Controlado pela Prosus, o iFood vem apostando em um movimento estratégico para não ser reconhecido apenas como o “app de comida” no Brasil. A companhia tem investido pesado na criação de verticais que complementam o negócio principal de delivery, como o iFood Benefícios — voltado para vales alimentação e refeição — e o iFood Pago, sua fintech, que deve movimentar mais de R$ 3 bilhões neste ano.
Apesar dos avanços, escalar no setor de benefícios não tem sido simples. O domínio de Alelo, Ticket e Pluxee segue forte, e o iFood ainda enfrenta processos na Justiça envolvendo o Programa de Alimentação do Trabalhador (PAT). A compra da Alelo chegou a ser discutida por cerca de R$ 5 bilhões, mas as negociações esfriaram.
Enquanto isso, o cenário competitivo no delivery ficou mais acirrado. A Didi (99 Food) e a chinesa Meituan (Keeta) prometem investir bilhões no Brasil, e a Rappi ganhou reforço da Amazon com US$ 25 milhões. O iFood, que possui 83% do mercado com 60 milhões de clientes e 120 milhões de pedidos mensais, já não pode contar com contratos de exclusividade ilimitados após acordo com o Cade.
Mesmo diante das mudanças, o CEO Diego Barreto afirma não temer a concorrência. “Quem vai vencer esse jogo? Quem for bom”, disse em entrevista. O executivo reforça a estratégia de construir diferenciais de longo prazo e novos produtos, como o Turbo (entregas ultrarrápidas) e o Hits (ofertas-relâmpago de restaurantes), já em expansão para dezenas de cidades.
O iFood também costura alianças estratégicas. Uma parceria inédita com a Uber permitirá que usuários façam pedidos de comida no app de corridas e solicitem viagens dentro do aplicativo de delivery. A aposta é complementar bases de clientes que se sobrepõem em apenas 30%.
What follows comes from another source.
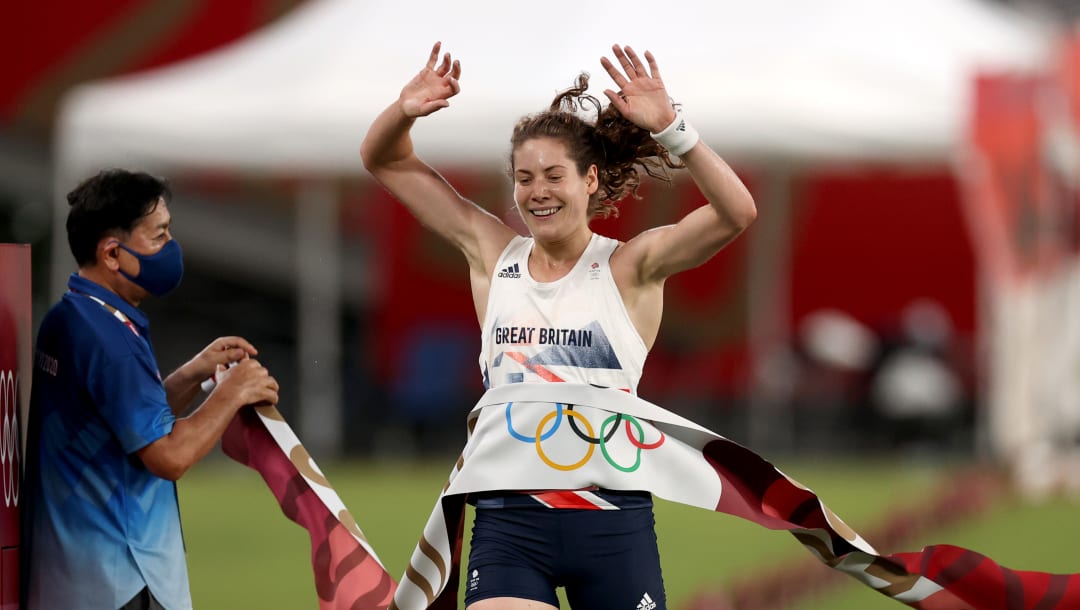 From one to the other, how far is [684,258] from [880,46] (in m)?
11.7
No total, a empresa planeja investir R$ 17 bilhões no Brasil, incluindo R$ 3 bilhões na expansão de sua fintech, R$ 1 bilhão em infraestrutura e inteligência artificial, além do reforço em novas linhas de negócio.
O mercado, segundo especialistas, vive um novo ciclo de competitividade, com benefícios diretos para restaurantes, entregadores e consumidores. “Há espaço para todos crescerem”, diz Paulo Solmucci, presidente da Abrasel.